However, if you're looking to retire to Schuylkill County, then that's a whole different story. The previous thread poster seemed to be younger or middle-aged, and I worried how he might be able to secure employment or what would happen if they moved to Schuylkill County and his wife's job offer fell through---Where would they find white-collar work?
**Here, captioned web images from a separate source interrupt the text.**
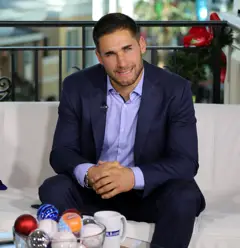 Kevin Kiermaier talks to MLB.com (23267229809).jpg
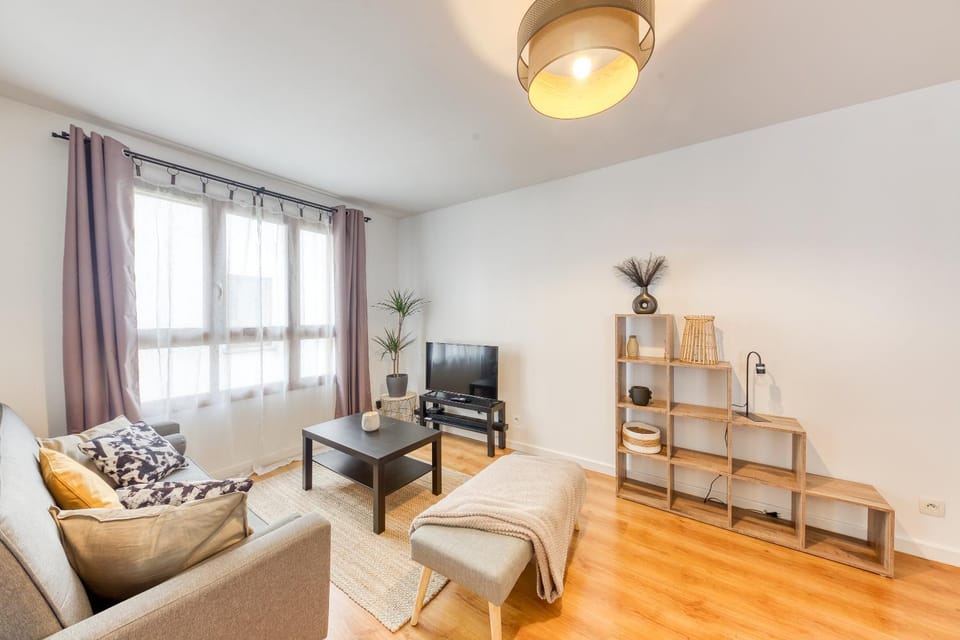 Appartement Cosy & Moderne 2 chambres Apartment in Saint-Denis, France
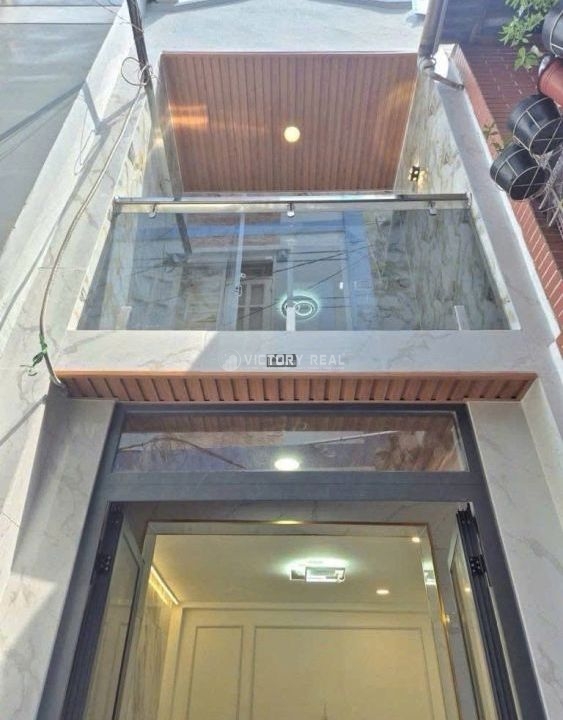 gen-n-z7202520675166_f977719b96a0cb0eb7807b3b613a52ab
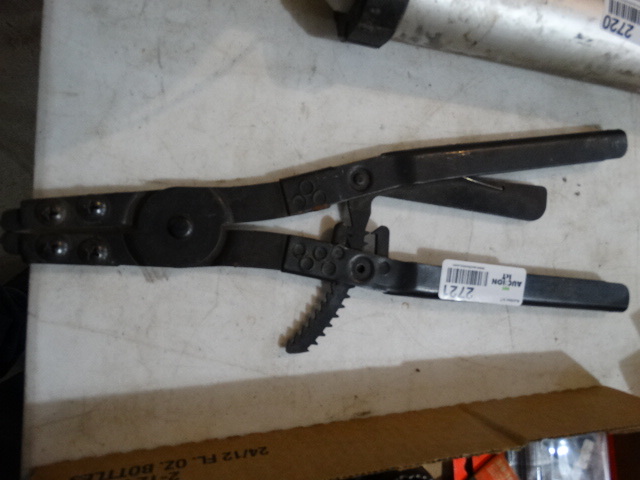 lot 2721 image: 16 snap ring pliers- Made in the USA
If you're already retired, then the county offers a more relaxing, laid-back atmosphere that you should enjoy very much (Especially coming from the "rush-rush" of the Philly 'burbs.

During my tenure on City-Data, I've noticed a trend---Areas with higher incomes also tend to have the least-happiest residents, as they're constantly commuting, rushing, and "keeping up with the Jones's." Areas without a lot of economic opportunity tend to have more content residents, those who are more concerned with social gatherings, town picnics, and friendly association than they are with lining the driveway with a car that's nicer than their neighbors'. From the time I've spent in Schuylkill County, I've noticed that people are definitely friendly here and more "relaxed", even moreso than they are in Scranton! It's a nice, quiet area to retire too, but it's FAR if you're going to crave urban conveniences on a daily basis (You won't find Starbucks, Barnes & Noble, organic foods stores, etc. here as you would in the Philly 'burbs). High culture around here consists of Friday night football games at local high schools, church bazaars, and bingo. Personally, as a person who is more in-tune with reading, jazz music, surrealism, and other "artsy" types of entertainment, I would just never consider Pottsville to be any sort of "cultural mecca."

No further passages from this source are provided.